*** Block opens ***

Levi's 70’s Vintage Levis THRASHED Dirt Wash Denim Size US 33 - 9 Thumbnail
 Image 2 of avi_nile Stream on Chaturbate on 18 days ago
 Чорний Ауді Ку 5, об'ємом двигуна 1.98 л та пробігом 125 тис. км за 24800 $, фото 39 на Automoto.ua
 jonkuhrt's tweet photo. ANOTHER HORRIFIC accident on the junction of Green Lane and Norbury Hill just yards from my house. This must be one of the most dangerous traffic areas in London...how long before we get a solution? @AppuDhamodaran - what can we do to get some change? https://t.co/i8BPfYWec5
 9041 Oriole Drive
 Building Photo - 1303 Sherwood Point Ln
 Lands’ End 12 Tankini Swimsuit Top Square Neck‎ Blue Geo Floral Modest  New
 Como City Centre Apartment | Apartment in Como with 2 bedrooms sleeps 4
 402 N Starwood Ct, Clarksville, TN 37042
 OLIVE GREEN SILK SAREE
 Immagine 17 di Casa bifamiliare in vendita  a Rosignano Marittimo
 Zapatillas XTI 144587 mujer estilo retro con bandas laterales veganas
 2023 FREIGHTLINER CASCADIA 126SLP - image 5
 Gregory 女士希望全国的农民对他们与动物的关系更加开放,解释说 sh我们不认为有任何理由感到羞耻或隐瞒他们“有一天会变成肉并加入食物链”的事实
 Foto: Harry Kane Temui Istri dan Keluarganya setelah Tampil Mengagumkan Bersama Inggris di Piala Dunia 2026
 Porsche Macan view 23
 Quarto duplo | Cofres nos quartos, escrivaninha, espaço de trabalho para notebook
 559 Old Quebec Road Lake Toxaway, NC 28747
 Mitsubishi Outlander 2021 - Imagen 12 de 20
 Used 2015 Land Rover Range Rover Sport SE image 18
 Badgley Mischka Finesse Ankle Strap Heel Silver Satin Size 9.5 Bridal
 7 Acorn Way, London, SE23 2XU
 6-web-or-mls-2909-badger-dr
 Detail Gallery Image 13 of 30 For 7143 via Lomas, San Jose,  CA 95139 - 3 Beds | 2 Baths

*** Block closes ***

▶ **WORK ITEM**
Copy exactly the line containing "7 Acorn Way, London, SE23 2XU" and each line after it through the end of the records above.

▶ **ANSWER TO THIS TASK**
 7 Acorn Way, London, SE23 2XU
 6-web-or-mls-2909-badger-dr
 Detail Gallery Image 13 of 30 For 7143 via Lomas, San Jose,  CA 95139 - 3 Beds | 2 Baths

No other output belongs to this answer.